1,500 surveillance requests made a day
By politics.co.uk staff
An average of 1,500 surveillance requests are made on Brits every day, a report by the interception of communications commissioner has revealed.
Over 500,000 requests for phone and email records were made in 2008, according to the report, with an annual equivalent of one in every 78 adults being targeted.
The report, by commissioner Sir Paul Kennedy, triggered angry responses from civil libertarians, and prompted the Liberal Democrats to map out plans to tighten up controls on surveillance powers.
“The government forgets that George Orwell’s 1984 was a warning and not a blueprint,” said Lib Dem home affairs spokesman Chris Huhne.
“Many of these operations carried out by the police and security services are necessary, but the sheer numbers are daunting.
“It cannot be a justified response to the problems we face in this country that the state is spying on half a million people a year.”
The party wants the power to authorise surveillance to be given to magistrates, rather than the government.
“We have sleepwalked into a surveillance state, but without adequate safeguards. Having the home secretary in charge of authorisation is like asking the fox to guard the hen house,” Mr Huhne concluded.
Under the Regulation of Investigatory Powers Act (Ripa), introduced to tackle terrorism and organised crime, certain individuals within the police, councils and various public bodies are entitled to request a surveillance order.

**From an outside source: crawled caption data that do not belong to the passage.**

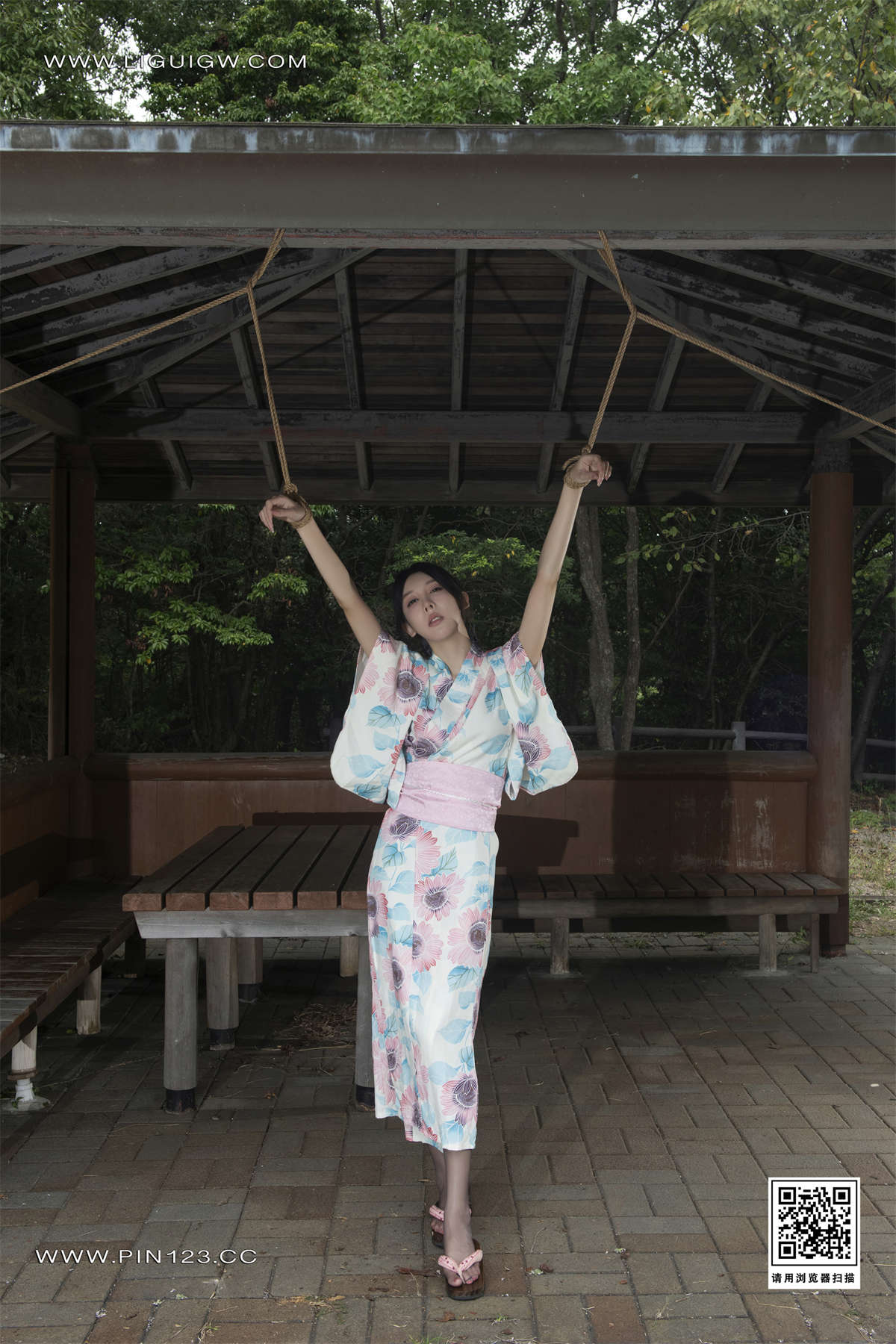 Ligui丽柜 2024.11.01 日本旅拍1 兔子 美束版-日更街拍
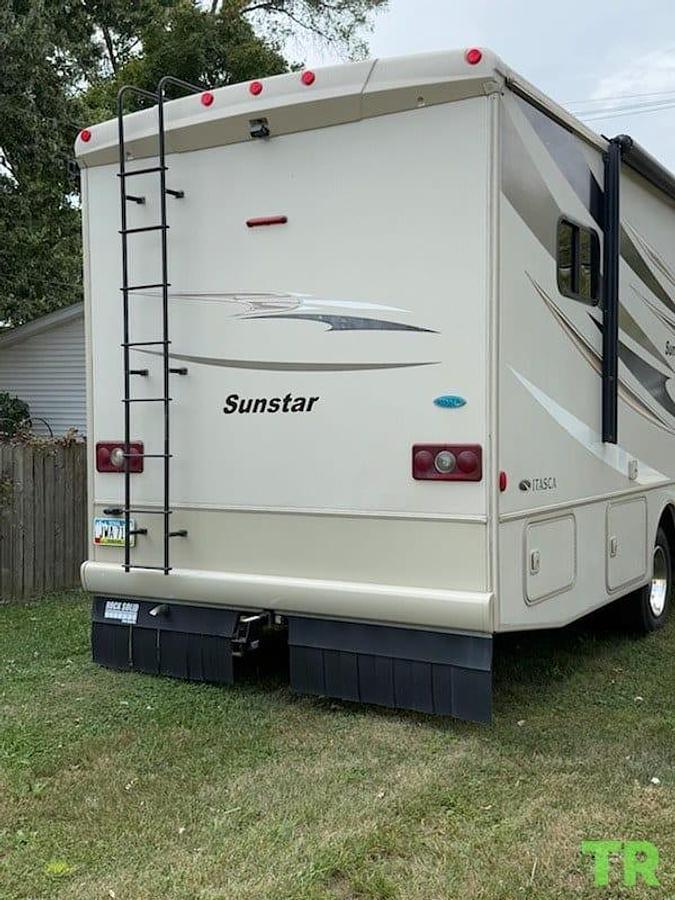 Used 2015 Winnebago Itasca Sunstar 30T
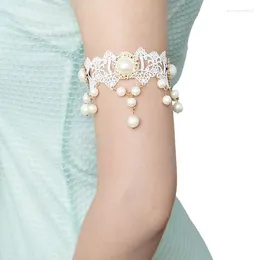 Charm armband kvinnor lady handgjorda dans brud bröllop gotiska armband armband armlet blommor vit spets faux pärlpärlor dropparmband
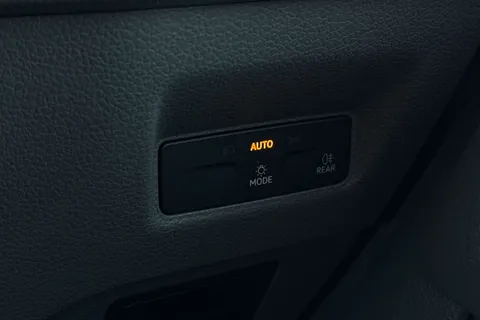 43 of 59 for Volkswagen Crafter CR35 Panel van Commerce Plus MWB 140 PS 2.0 TDI 8sp Auto - MY25!!!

A Home Office spokesman said: “Of course it’s vital that we strike the right balance between individual privacy and collective security and that is why the Home Office is clear these powers should only be used when they are proportionate.
“To ensure the appropriate use of Ripa, the Home Office has recently completed a public consultation on revised codes of practice, and on all public authorities able to use certain techniques relating to Ripa, the ranks at which these techniques can be authorised and the purposes for which they can be used.”
The total number of requests is down on 2007, but still represents a 40 per cent increase on 2006.